Technical specifications
- Chassis: Steel Backbone
- Suspension (front): Double Wishbone, Outboard Coil Spring / Damper
- Suspension (rear): Double Wishbone, Outboard Coil Spring / Damper
- Engine: Ford 4,727cc 289 cu in V8
- Transmission: ZF 5DS20 5 Speed Manual Synchromesh Limited Slip Differential

Competition history
- Notable entrants: Team Lotus
- Notable drivers: Jim Clark

= Lotus 30 =

The Lotus 30 was a racing automobile, Colin Chapman's first attempt at a large displacement sports car racing machine following the success of the more conventional tube frame Lotus 19,19b and Lotus 23., it was designed by Colin Chapman and Martin Wade, and built in 1964. The Lotus 30 was raced in British races such as Guards Trophy, international races such as Nassau Speed Week that allowed FIA Group 4 "Sports Car" class of racing machines, and more importantly, in Can Am series. These were before the recognition and creation of Group 5, 6 and 7 categories by FIA in 1966. This explains why Lotus 30 and 40 (the latter was built in 1965) came originally equipped with headlights, tail lights and a windscreen wiper.

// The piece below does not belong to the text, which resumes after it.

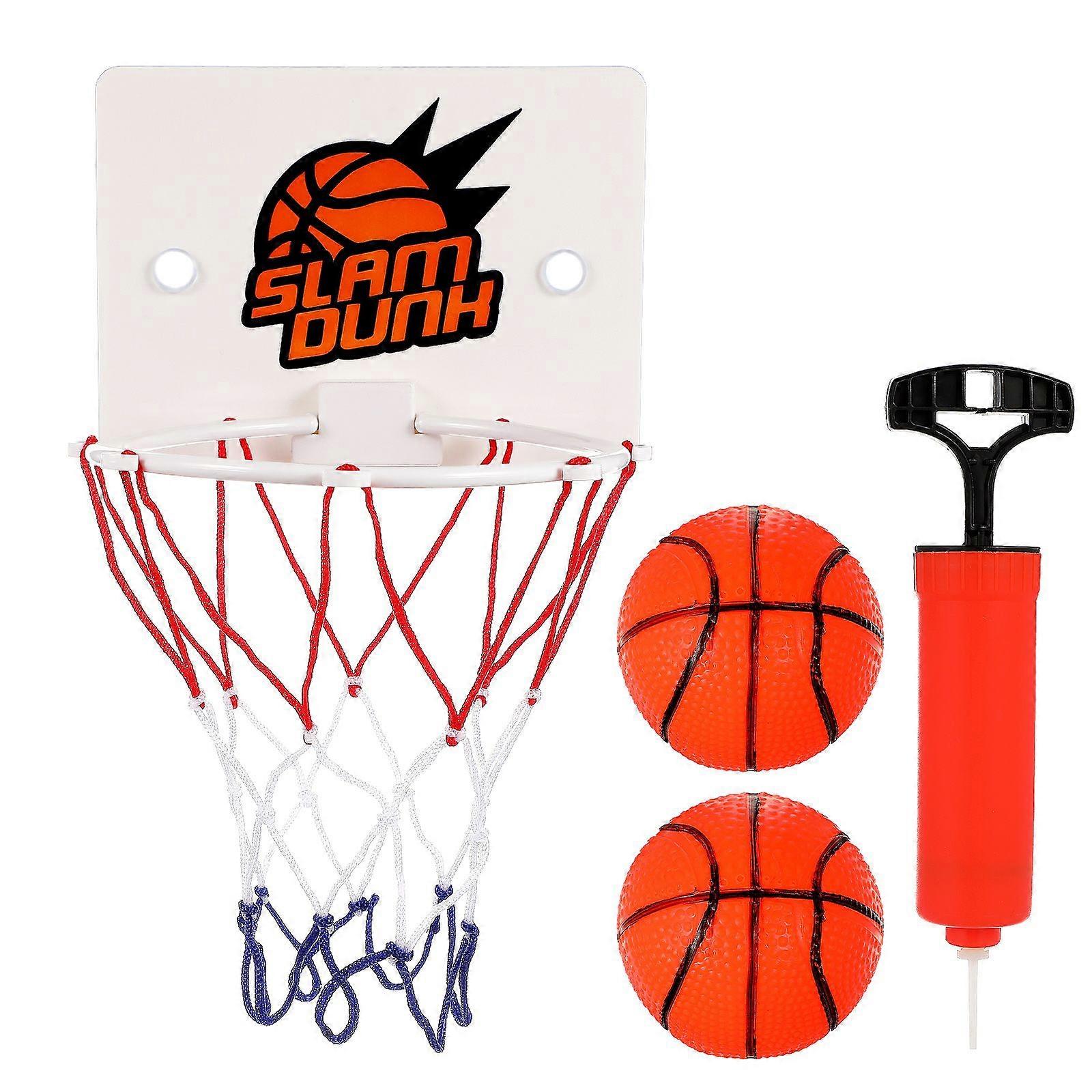 1 Set of Portable Mini Wall-mounted Basketball Toy Indoor Home Basketball Sports Game Toy (1PC Backboard 1PC Inflator 2PCS Balls)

Notable for its curvilinear fibreglass body work and "pickle fork" backbone chassis first seen in the front engine Lotus Elan, on the 30 the layout was reversed and placed the engine behind the driver. Lotus engineer Len Terry was asked by Chapman to comment on the draft concept and considered it to be so flawed he refused to have anything to do with it. The Lotus 30 was powered by a 4.7 litre (289 c.i.) Ford V8 engine, the same type as used in the Ford GT40, mated to a 5 speed ZF synchromesh 5DS20 transaxle which was far more reliable than the Colotti transaxle used in the 19B against the torque of the V8. It used 13 inch wheels and solid disc brakes on each wheel. The Lotus 30 was regarded as unsuccessful and / or dangerous but when everything was working and nothing broke, the car was incredibly fast.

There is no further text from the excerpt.